林知白觉得自己仿佛睡了很久,这期间白辞一直陪在她身边没有离开。
林知白想着想着嘴角轻轻勾起,露出好看的弧度。
她眼皮轻轻动了动,缓缓睁开。
眼睛有些干涩,林知白炸了眨眼,还是不舒服便想伸手揉一揉。
林知白坐起身四处望了望,没有看见白辞的身影。
不由失落的叹气,大概是做梦吧。
林知白想要下地,昨夜里发了高烧一醒来便觉得格外口渴。
掀开被子,林知白站起身晃悠悠的站不稳,好似风一吹她便要倒下去。
林知白只觉得手脚无力浑身发软,连走路都不得劲。
才刚刚走了两步林知白便觉得力不从心,又坐回床上。
“海棠,玲儿。”林知白一开口,声音沙哑的厉害,像个破锣嗓。
口中干涩,又没有力气,林知白叫了三声也没有人答应。
摇了摇头,林知白又站起身,咬咬牙走到桌子前。
桌上的茶是冷的,林知白也顾不得那么多了,将茶壶里的茶喝光了才作罢。
林知白趴在桌子上缓神,有些费解。
以往玲儿只要听见一点声音都会进来,可今日她叫了这么几声也没见玲儿冲进来。
还有昨日里也只有海棠,也不见了玲儿踪影。
林知白心生疑惑,不由纳闷。
忽闻门外脚步声响起,林知白无精打采的盯着门口,心中隐隐有些期待。
脚步声越来越近,不似女子那般轻快,透着一股沉稳。
林知白顿时笑颜如花,眼睛一瞬不瞬的直盯着那扇门。
下一秒,果然白辞来了,手上拖个盘。
白辞见着林知白正笑盈盈的望着他,心里一喜,快步上前放下盘子用手摸了摸林知白的额头。
已恢复了正常温度,白辞舒了口气。
“来喝碗粥,等会我陪你出去走走。”白辞柔声道。
“好。”林知白乖巧的点了点头。
“你没去上朝吗?”林知白扫了眼白辞的便服问道。
“嗯。”白辞轻声应了。
“那些大臣不会说什么吗?”
“随他们说好了。”白辞不甚在意。
林知白望了他一眼,没有说什么。
以往的白辞从不耽搁早朝,心系子民……
吃完了粥,白辞陪林知白闲逛着。
天气有些热,白辞带她去了别有洞天。
“你走的这几日我都有好好打理,现今儿那些葡萄已熟透了,你且坐着,容我去摘些来。”白辞扶着她坐到石凳上。
“好。”
上一次来那些葡萄还是小小的,又酸又涩。
林知白含情脉脉的注视着白辞,看他一颗一颗的将葡萄摘下来放进小木盆里洗干净再摆好放在盘子上。

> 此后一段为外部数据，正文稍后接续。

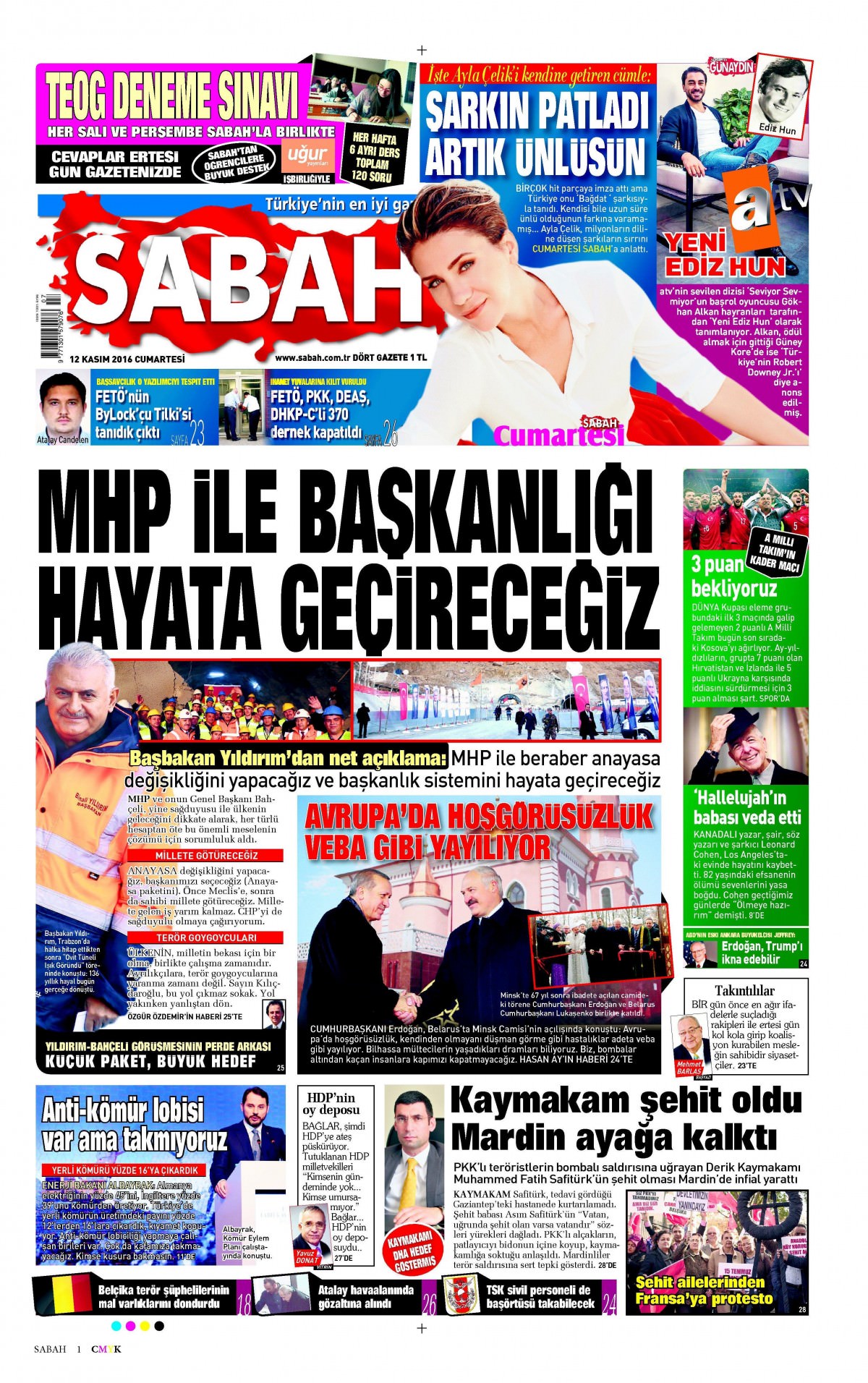 12 Kasım 2016 gazete manşetleri - 518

白辞剥好皮放在另一个盘子里,林知白要吃伸手就能拿到,简直是宠溺过度了。
“好甜。”林知白吃下一颗葡萄笑道。顺手喂给白辞一颗。
出来走了一会林知白的气色好了许多,没有那么苍白了,但还是虚弱着,说话的声音轻轻柔柔的。
“白辞,这两日怎么没看见玲儿?”林知白问。
“……”白辞沉默着,好似没听见,继续给葡萄剥皮。
林知白一见白辞这模样心生不妙,白辞从来都不会有这样的情绪。
按理说她回来那日受了伤玲儿是定然放心不下要日夜守着的,可是她醒来不仅没看到玲儿在她床前,连她的声音也没听到。
她回宫已是两日了,虽然有白辞照顾她,可海棠都有在跟前服侍却偏偏不见了玲儿,不仅如此,林知白发现雪融宫多了一个她从未见过的生面孔。
“白辞……玲儿出事了吗?”林知白轻声问道,手心紧紧握着。
“知白……”白辞面色难看,看了眼林知白有些担忧。
林知白只觉得脑内一道闷雷打下来,炸得她五脏巨疼。
林知白低声喃喃:“玲儿出事了?”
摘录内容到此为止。